**ACTION ITEM:** Repeat the listing word for word. Leave every picture out.

**INFORMATION PROVIDED:**
<<<<

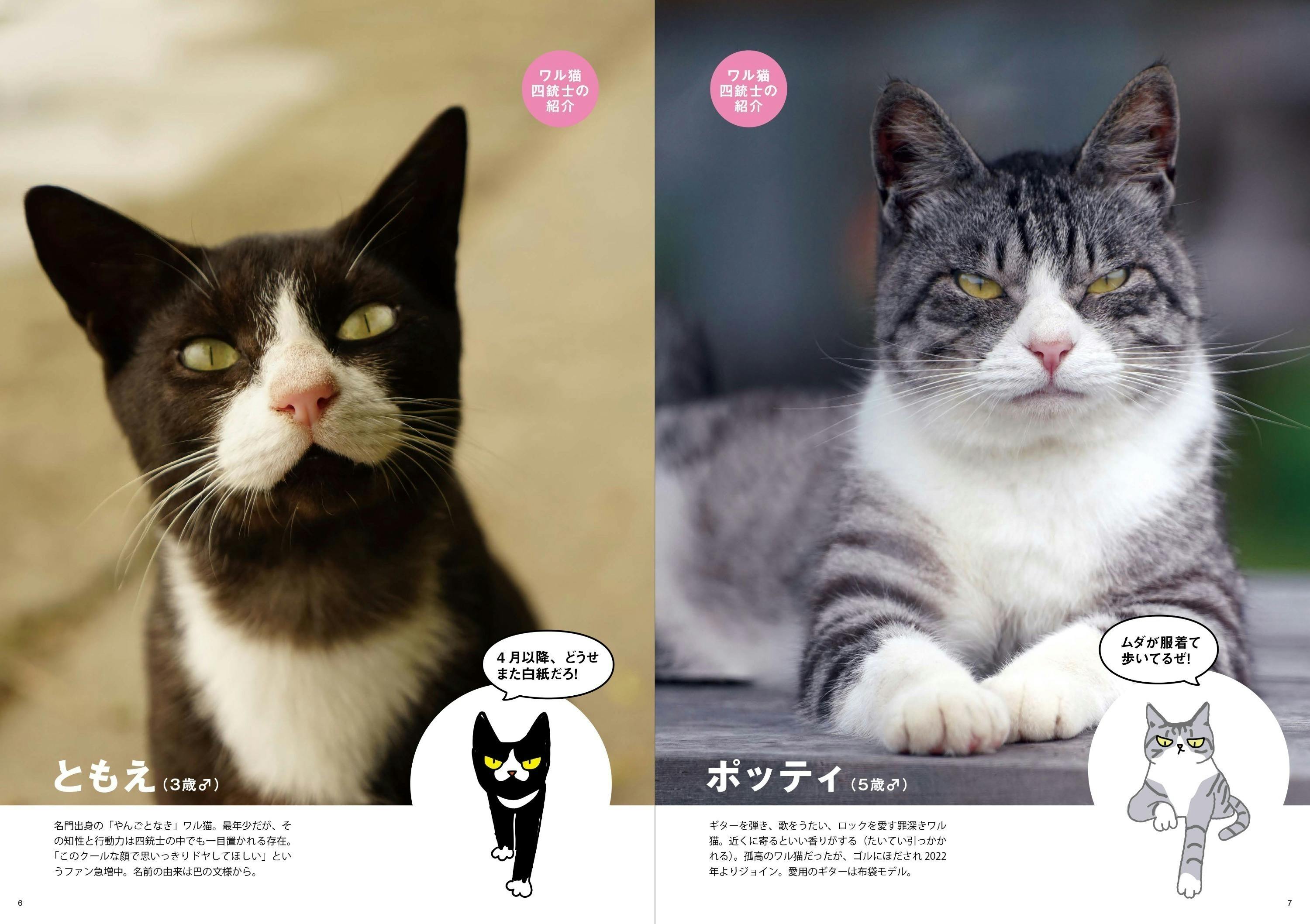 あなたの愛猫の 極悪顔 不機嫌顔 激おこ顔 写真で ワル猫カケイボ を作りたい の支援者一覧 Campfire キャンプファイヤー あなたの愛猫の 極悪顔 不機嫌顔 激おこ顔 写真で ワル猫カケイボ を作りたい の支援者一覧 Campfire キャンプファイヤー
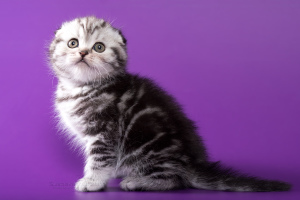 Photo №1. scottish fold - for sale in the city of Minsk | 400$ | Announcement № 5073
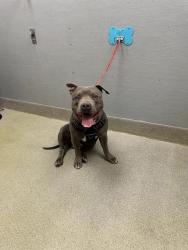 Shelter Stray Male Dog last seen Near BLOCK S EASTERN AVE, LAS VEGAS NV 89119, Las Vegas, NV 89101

>>>>

**WRITTEN SOLUTION:**
 あなたの愛猫の 極悪顔 不機嫌顔 激おこ顔 写真で ワル猫カケイボ を作りたい の支援者一覧 Campfire キャンプファイヤー あなたの愛猫の 極悪顔 不機嫌顔 激おこ顔 写真で ワル猫カケイボ を作りたい の支援者一覧 Campfire キャンプファイヤー
 Photo №1. scottish fold - for sale in the city of Minsk | 400$ | Announcement № 5073
 Shelter Stray Male Dog last seen Near BLOCK S EASTERN AVE, LAS VEGAS NV 89119, Las Vegas, NV 89101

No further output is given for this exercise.